### Assignment
Transcribe the full listing word for word, leaving nothing out.

Data shown START

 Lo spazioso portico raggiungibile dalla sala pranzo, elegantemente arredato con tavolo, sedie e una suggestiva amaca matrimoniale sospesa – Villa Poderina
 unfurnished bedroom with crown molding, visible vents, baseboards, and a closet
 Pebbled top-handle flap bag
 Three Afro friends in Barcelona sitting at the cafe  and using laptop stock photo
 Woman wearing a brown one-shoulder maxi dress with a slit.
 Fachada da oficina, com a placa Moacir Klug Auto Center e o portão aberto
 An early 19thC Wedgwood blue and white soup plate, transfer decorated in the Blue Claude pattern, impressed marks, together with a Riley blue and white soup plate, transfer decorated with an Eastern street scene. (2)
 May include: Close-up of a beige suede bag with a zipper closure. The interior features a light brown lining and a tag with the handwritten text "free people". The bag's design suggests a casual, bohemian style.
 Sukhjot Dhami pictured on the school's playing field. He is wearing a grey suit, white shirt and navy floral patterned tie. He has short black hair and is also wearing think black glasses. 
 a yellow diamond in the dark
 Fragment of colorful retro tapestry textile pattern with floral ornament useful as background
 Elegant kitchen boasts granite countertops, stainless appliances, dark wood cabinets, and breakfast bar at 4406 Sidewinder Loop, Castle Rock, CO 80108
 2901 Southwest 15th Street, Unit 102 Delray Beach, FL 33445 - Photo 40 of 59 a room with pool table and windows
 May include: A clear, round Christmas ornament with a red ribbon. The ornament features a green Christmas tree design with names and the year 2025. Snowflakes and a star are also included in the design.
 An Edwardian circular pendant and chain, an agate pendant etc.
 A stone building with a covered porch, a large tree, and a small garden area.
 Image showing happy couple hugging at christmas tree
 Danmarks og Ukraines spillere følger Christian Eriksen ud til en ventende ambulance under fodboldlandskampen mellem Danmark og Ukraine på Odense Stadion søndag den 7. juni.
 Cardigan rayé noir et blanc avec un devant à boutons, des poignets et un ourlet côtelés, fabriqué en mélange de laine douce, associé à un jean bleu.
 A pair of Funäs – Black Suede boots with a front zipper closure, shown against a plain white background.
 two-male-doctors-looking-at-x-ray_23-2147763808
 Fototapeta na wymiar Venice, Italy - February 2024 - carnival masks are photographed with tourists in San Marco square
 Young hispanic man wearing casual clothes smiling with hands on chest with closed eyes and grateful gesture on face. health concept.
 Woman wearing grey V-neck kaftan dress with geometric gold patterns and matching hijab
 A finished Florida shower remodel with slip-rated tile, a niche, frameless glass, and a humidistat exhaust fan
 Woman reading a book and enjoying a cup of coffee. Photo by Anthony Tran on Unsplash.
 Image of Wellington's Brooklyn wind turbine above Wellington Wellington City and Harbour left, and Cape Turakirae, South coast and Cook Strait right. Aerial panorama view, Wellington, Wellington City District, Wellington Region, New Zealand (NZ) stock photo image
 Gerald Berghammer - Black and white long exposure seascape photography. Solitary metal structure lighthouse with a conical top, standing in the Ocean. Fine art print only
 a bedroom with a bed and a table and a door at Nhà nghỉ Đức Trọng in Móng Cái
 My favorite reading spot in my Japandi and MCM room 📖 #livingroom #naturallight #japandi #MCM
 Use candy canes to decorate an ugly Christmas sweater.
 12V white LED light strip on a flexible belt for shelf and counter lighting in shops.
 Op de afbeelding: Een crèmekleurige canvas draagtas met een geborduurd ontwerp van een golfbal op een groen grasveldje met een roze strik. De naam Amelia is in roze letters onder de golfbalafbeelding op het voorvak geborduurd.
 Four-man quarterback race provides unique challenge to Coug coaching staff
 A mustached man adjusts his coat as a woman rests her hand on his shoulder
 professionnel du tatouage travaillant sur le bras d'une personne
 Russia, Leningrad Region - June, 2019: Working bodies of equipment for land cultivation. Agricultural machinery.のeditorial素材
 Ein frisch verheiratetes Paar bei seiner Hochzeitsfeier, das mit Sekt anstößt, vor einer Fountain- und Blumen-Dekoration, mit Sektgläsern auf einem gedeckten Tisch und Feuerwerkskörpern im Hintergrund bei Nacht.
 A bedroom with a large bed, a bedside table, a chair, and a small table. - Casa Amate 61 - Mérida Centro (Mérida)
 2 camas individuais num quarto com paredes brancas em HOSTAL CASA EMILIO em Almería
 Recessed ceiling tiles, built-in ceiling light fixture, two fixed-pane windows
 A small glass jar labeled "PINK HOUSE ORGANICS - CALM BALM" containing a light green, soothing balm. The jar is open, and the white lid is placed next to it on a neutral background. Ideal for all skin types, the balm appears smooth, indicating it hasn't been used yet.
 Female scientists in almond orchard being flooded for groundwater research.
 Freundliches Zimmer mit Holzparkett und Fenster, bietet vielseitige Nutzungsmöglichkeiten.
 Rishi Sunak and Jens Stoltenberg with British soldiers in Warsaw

Data shown END

### Completed task
 Lo spazioso portico raggiungibile dalla sala pranzo, elegantemente arredato con tavolo, sedie e una suggestiva amaca matrimoniale sospesa – Villa Poderina
 unfurnished bedroom with crown molding, visible vents, baseboards, and a closet
 Pebbled top-handle flap bag
 Three Afro friends in Barcelona sitting at the cafe  and using laptop stock photo
 Woman wearing a brown one-shoulder maxi dress with a slit.
 Fachada da oficina, com a placa Moacir Klug Auto Center e o portão aberto
 An early 19thC Wedgwood blue and white soup plate, transfer decorated in the Blue Claude pattern, impressed marks, together with a Riley blue and white soup plate, transfer decorated with an Eastern street scene. (2)
 May include: Close-up of a beige suede bag with a zipper closure. The interior features a light brown lining and a tag with the handwritten text "free people". The bag's design suggests a casual, bohemian style.
 Sukhjot Dhami pictured on the school's playing field. He is wearing a grey suit, white shirt and navy floral patterned tie. He has short black hair and is also wearing think black glasses. 
 a yellow diamond in the dark
 Fragment of colorful retro tapestry textile pattern with floral ornament useful as background
 Elegant kitchen boasts granite countertops, stainless appliances, dark wood cabinets, and breakfast bar at 4406 Sidewinder Loop, Castle Rock, CO 80108
 2901 Southwest 15th Street, Unit 102 Delray Beach, FL 33445 - Photo 40 of 59 a room with pool table and windows
 May include: A clear, round Christmas ornament with a red ribbon. The ornament features a green Christmas tree design with names and the year 2025. Snowflakes and a star are also included in the design.
 An Edwardian circular pendant and chain, an agate pendant etc.
 A stone building with a covered porch, a large tree, and a small garden area.
 Image showing happy couple hugging at christmas tree
 Danmarks og Ukraines spillere følger Christian Eriksen ud til en ventende ambulance under fodboldlandskampen mellem Danmark og Ukraine på Odense Stadion søndag den 7. juni.
 Cardigan rayé noir et blanc avec un devant à boutons, des poignets et un ourlet côtelés, fabriqué en mélange de laine douce, associé à un jean bleu.
 A pair of Funäs – Black Suede boots with a front zipper closure, shown against a plain white background.
 two-male-doctors-looking-at-x-ray_23-2147763808
 Fototapeta na wymiar Venice, Italy - February 2024 - carnival masks are photographed with tourists in San Marco square
 Young hispanic man wearing casual clothes smiling with hands on chest with closed eyes and grateful gesture on face. health concept.
 Woman wearing grey V-neck kaftan dress with geometric gold patterns and matching hijab
 A finished Florida shower remodel with slip-rated tile, a niche, frameless glass, and a humidistat exhaust fan
 Woman reading a book and enjoying a cup of coffee. Photo by Anthony Tran on Unsplash.
 Image of Wellington's Brooklyn wind turbine above Wellington Wellington City and Harbour left, and Cape Turakirae, South coast and Cook Strait right. Aerial panorama view, Wellington, Wellington City District, Wellington Region, New Zealand (NZ) stock photo image
 Gerald Berghammer - Black and white long exposure seascape photography. Solitary metal structure lighthouse with a conical top, standing in the Ocean. Fine art print only
 a bedroom with a bed and a table and a door at Nhà nghỉ Đức Trọng in Móng Cái
 My favorite reading spot in my Japandi and MCM room 📖 #livingroom #naturallight #japandi #MCM
 Use candy canes to decorate an ugly Christmas sweater.
 12V white LED light strip on a flexible belt for shelf and counter lighting in shops.
 Op de afbeelding: Een crèmekleurige canvas draagtas met een geborduurd ontwerp van een golfbal op een groen grasveldje met een roze strik. De naam Amelia is in roze letters onder de golfbalafbeelding op het voorvak geborduurd.
 Four-man quarterback race provides unique challenge to Coug coaching staff
 A mustached man adjusts his coat as a woman rests her hand on his shoulder
 professionnel du tatouage travaillant sur le bras d'une personne
 Russia, Leningrad Region - June, 2019: Working bodies of equipment for land cultivation. Agricultural machinery.のeditorial素材
 Ein frisch verheiratetes Paar bei seiner Hochzeitsfeier, das mit Sekt anstößt, vor einer Fountain- und Blumen-Dekoration, mit Sektgläsern auf einem gedeckten Tisch und Feuerwerkskörpern im Hintergrund bei Nacht.
 A bedroom with a large bed, a bedside table, a chair, and a small table. - Casa Amate 61 - Mérida Centro (Mérida)
 2 camas individuais num quarto com paredes brancas em HOSTAL CASA EMILIO em Almería
 Recessed ceiling tiles, built-in ceiling light fixture, two fixed-pane windows
 A small glass jar labeled "PINK HOUSE ORGANICS - CALM BALM" containing a light green, soothing balm. The jar is open, and the white lid is placed next to it on a neutral background. Ideal for all skin types, the balm appears smooth, indicating it hasn't been used yet.
 Female scientists in almond orchard being flooded for groundwater research.
 Freundliches Zimmer mit Holzparkett und Fenster, bietet vielseitige Nutzungsmöglichkeiten.
 Rishi Sunak and Jens Stoltenberg with British soldiers in Warsaw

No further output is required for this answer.